Rebecca Goldin (George Mason University)
Title: On some (equivariant) combinatorics related to flag manifolds
Abstract: Schubert calculus arose from 19th Century explorations of enumerative geometry, but has evolved into the study of specific rings associated with homogeneous spaces. The topic includes, for example, examining the product structure of the cohomology ring of the Grassmannian of k-dimensional subspace of complex n-space, or the equivariant cohomology ring of G/P, where P is a parabolic in a complex group G), as well as the K-theory or equivariant K-theory of the complete flag variety. In a geometrically motivated basis for each ring, the product of any two basis elements, expanded in that basis, has coefficients that are positive in an appropriate sense.
Remarkably, equivariant cohomology and K-theory–which take into account a group action by a torus T (an abelian group)–have some advantages over their non-equivariant counterparts, even as they have strictly more information. They can be described simply by a sequence of polynomials (in the case of cohomology), and rational functions (in the case of K-theory). This description is amenable to combinatorial methods and provides hope for future positive formulas on structure constants. I will give an overview of some results on positivity, as well as a geometric (but unfortunately non-positive) recursion for computing these coefficients using divided difference operators. The last part is joint work with Allen Knutson.
Daniel Bienstock (Columbia)
Title: Approximate nonconvex optimization and tree-width
Abstract: The intersection graph of an optimization problem has a vertex corresponding to each variable and an edge between two vertices whenever the corresponding variables appear in the same constraint. This is a classical concept dating to more than fifty years ago. In this talk we discuss how the structure of the intersection graph, in particular low tree-width, can be leveraged to produce rigorous algorithms for approximate optimization of nonconvex problems. This body of work encompasses research by other authors, and recent work by the author and collaborators. We will also discuss applications to generalization problems in machine learning.
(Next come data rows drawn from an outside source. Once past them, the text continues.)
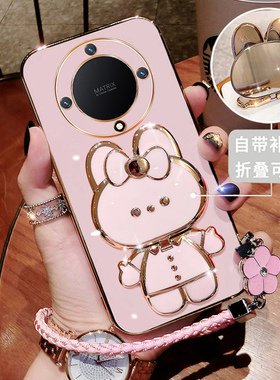 华为荣耀X9b手机壳RMO一NX1硅胶带镜子honorx9a保护套ALI防摔x9a5g软壳支架x9a新款个性可爱x9b 5g外壳支架女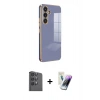 MARSİLYAN™- Galaxy S25 Plus Kılıf Yankı Serisi - Şeffaf Pasifik Cam Ekran Koruyucu + Raze Metal Kamera Lens - SH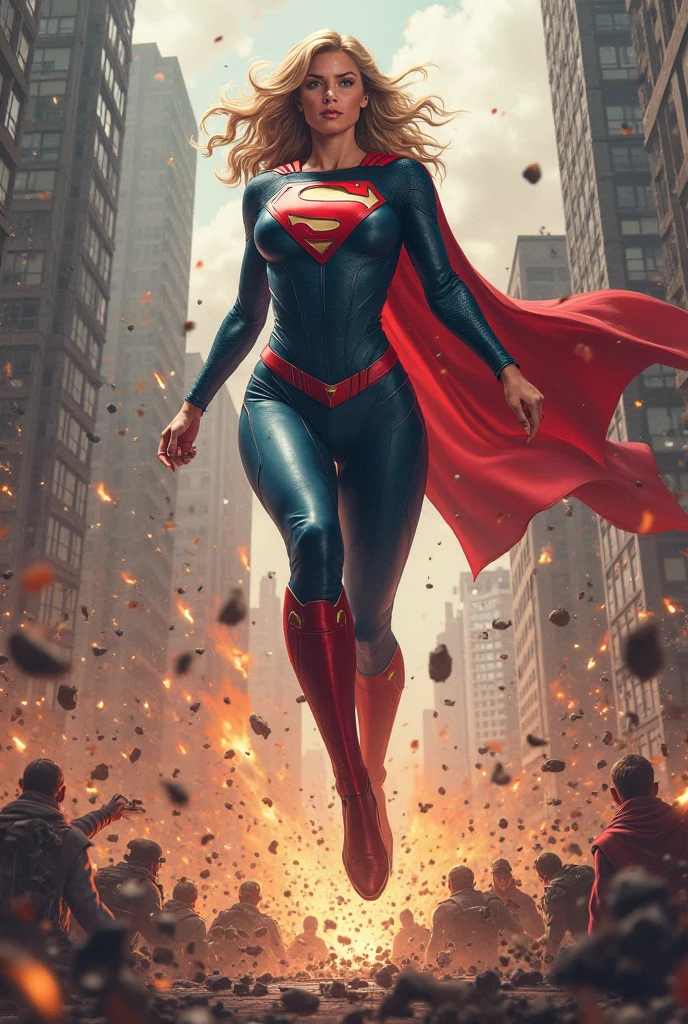 A SEXY BLONDE SUPERGIRL FREE FALLING, CRASHING INTO THE GROUND WITH TREMENDOUS FORCE, CREATING AS MASSIVE CRATOR.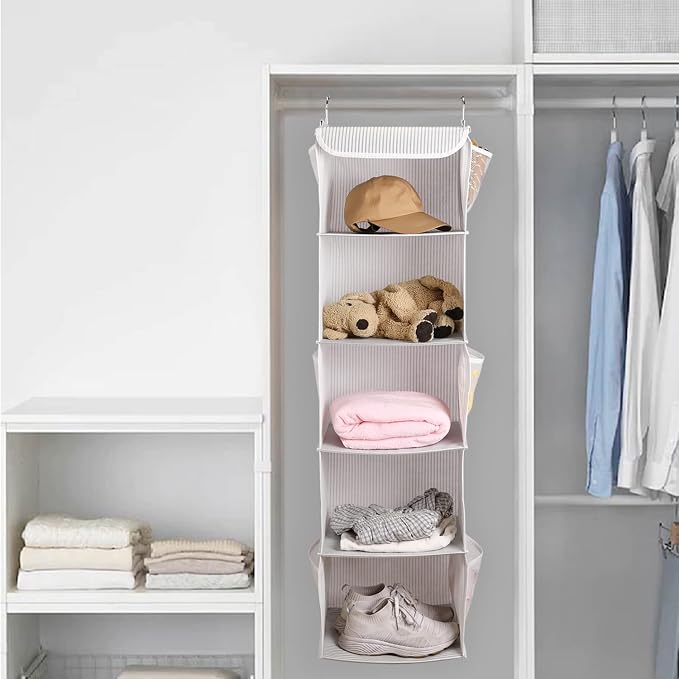 BrilliantJo 5 Shelves Hanging Closet Organizer, 2 Pack Hanging Storage - Image 5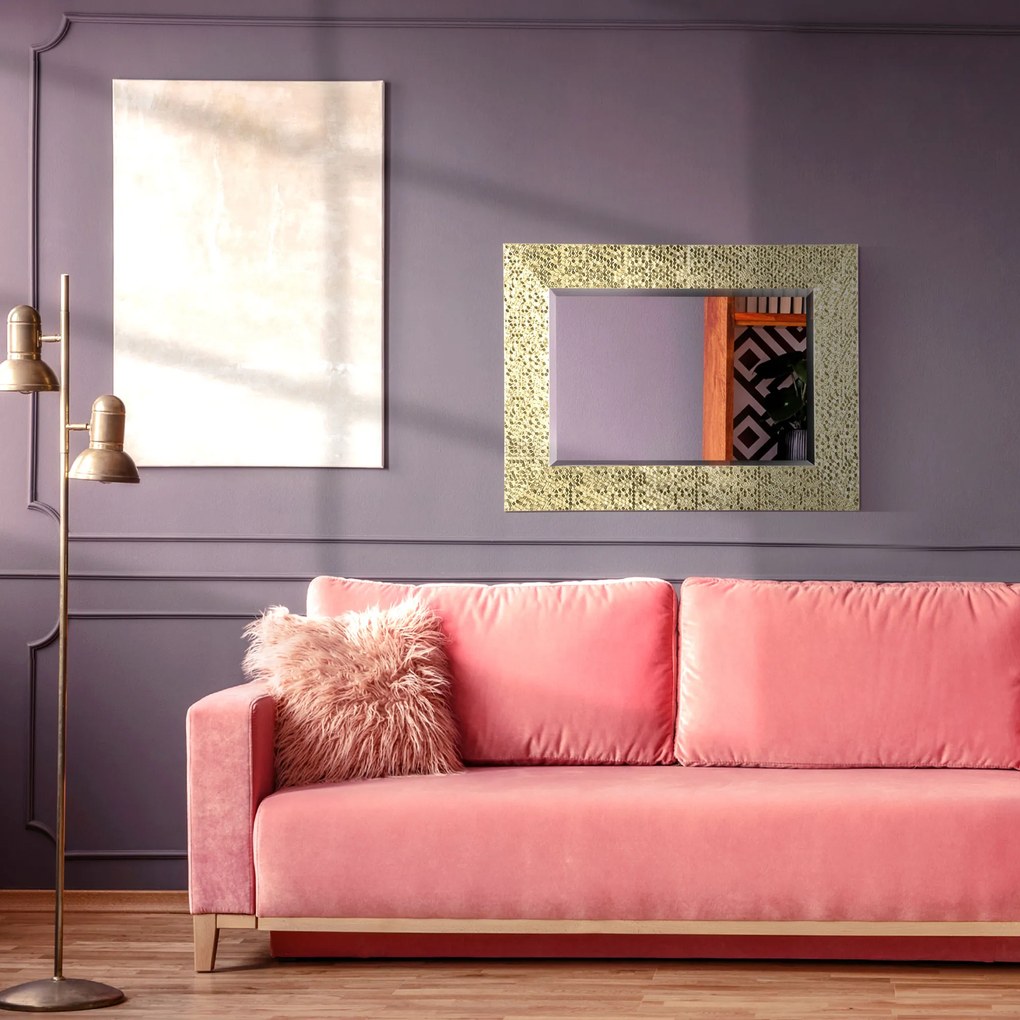 HOMCOM Espelho de Parede 80x60cm Espelho Decorativo com 4 Ganchos e Estrutura de Mosaico 3D Estilo Moderno para Sala de Estar Dormitório Sala de Jantar Entrada Dourado
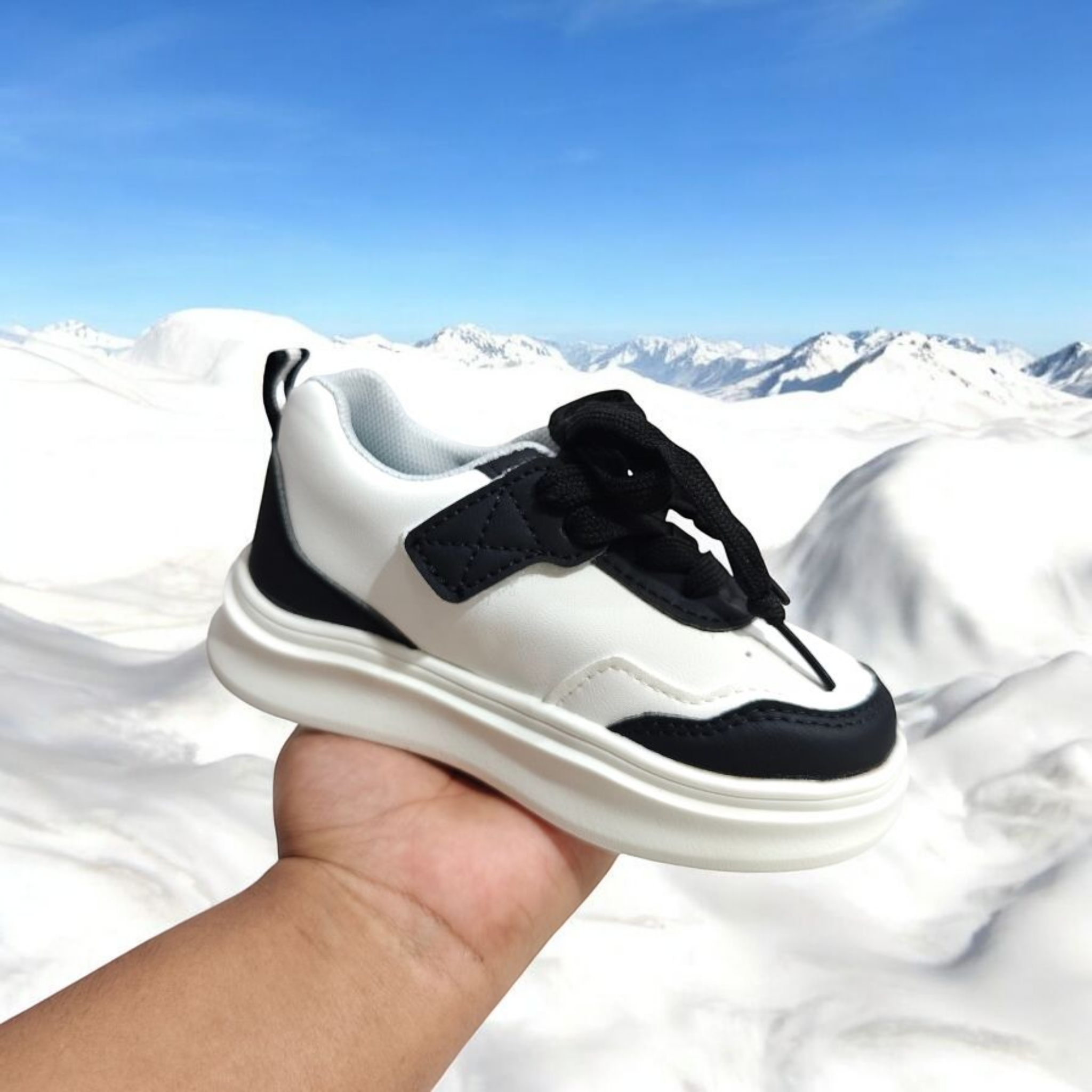 Glittered Heart Patch Velcro Closure Sneakers - Black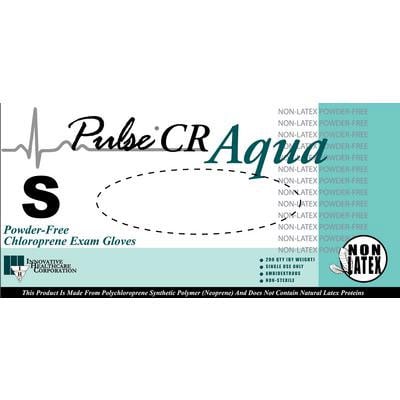 Pulse CR Chloroprene Exam Gloves, Small, 200/Bx, Powder-Free, Textured, Aqua, Non-Sterile, Latex
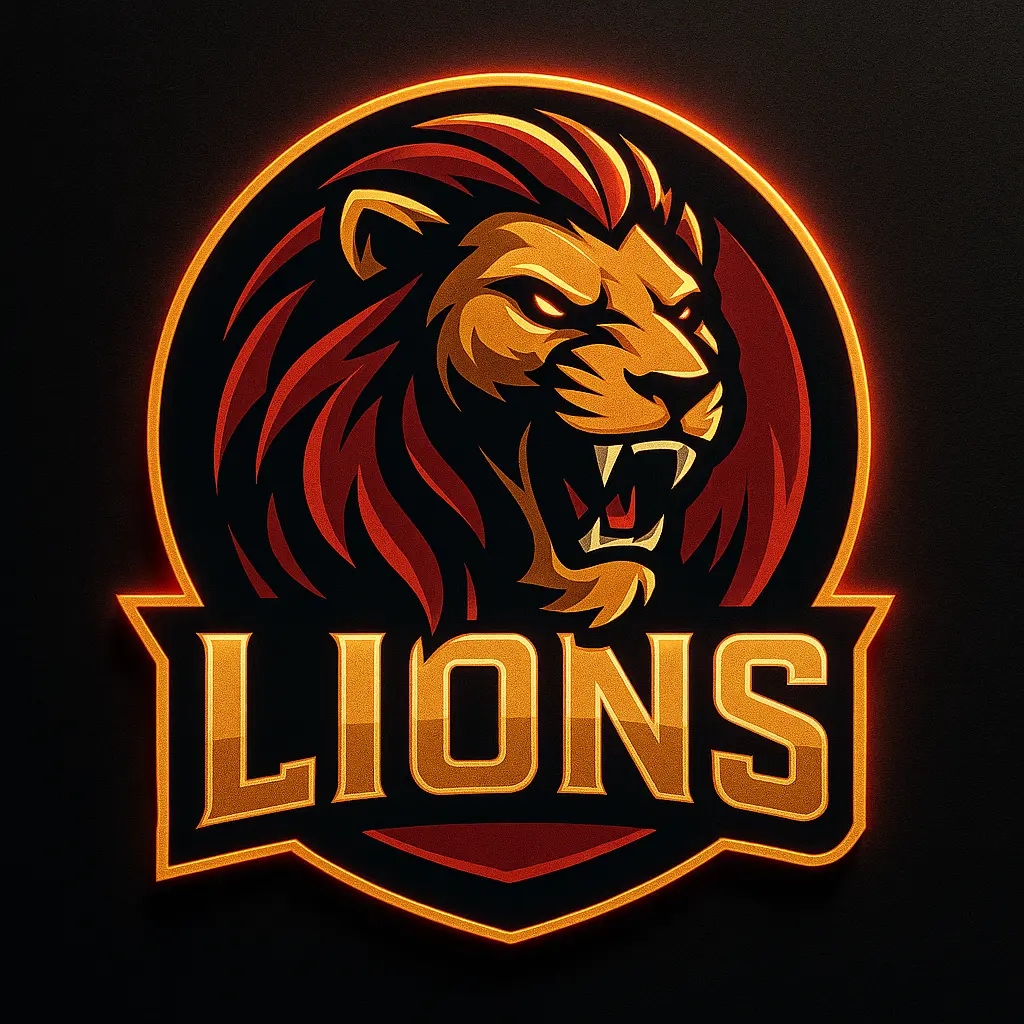 Sports Logo template featuring a fierce lion with bold red and gold accents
László Babai (University of Chicago)
Title, Part 1: Global symmetry from local information: The graph isomorphism problem
Title, Part 2: Hidden irregularity vs. hidden symmetry: The emergence of the Johnson graph
Abstract: In the first talk we explain the central, group theoretic, component of the recent quasipolynomial-time algorithm to test isomorphism of graphs. The second talk outlines the combinatorial ingredients, based on coherent configurations (certain highly regular colorings of the edges of the complete directed graph).